# WHAT IS BEING ASKED
Give the records again exactly, with every character kept.

........

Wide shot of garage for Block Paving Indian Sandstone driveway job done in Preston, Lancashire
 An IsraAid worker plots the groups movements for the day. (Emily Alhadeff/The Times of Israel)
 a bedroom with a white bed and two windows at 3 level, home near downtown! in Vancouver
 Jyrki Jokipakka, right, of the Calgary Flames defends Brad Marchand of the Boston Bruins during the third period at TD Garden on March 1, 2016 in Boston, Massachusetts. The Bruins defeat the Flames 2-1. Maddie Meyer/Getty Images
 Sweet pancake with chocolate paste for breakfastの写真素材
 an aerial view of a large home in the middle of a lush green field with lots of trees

........

# WRITTEN ANSWER
Wide shot of garage for Block Paving Indian Sandstone driveway job done in Preston, Lancashire
 An IsraAid worker plots the groups movements for the day. (Emily Alhadeff/The Times of Israel)
 a bedroom with a white bed and two windows at 3 level, home near downtown! in Vancouver
 Jyrki Jokipakka, right, of the Calgary Flames defends Brad Marchand of the Boston Bruins during the third period at TD Garden on March 1, 2016 in Boston, Massachusetts. The Bruins defeat the Flames 2-1. Maddie Meyer/Getty Images
 Sweet pancake with chocolate paste for breakfastの写真素材
 an aerial view of a large home in the middle of a lush green field with lots of trees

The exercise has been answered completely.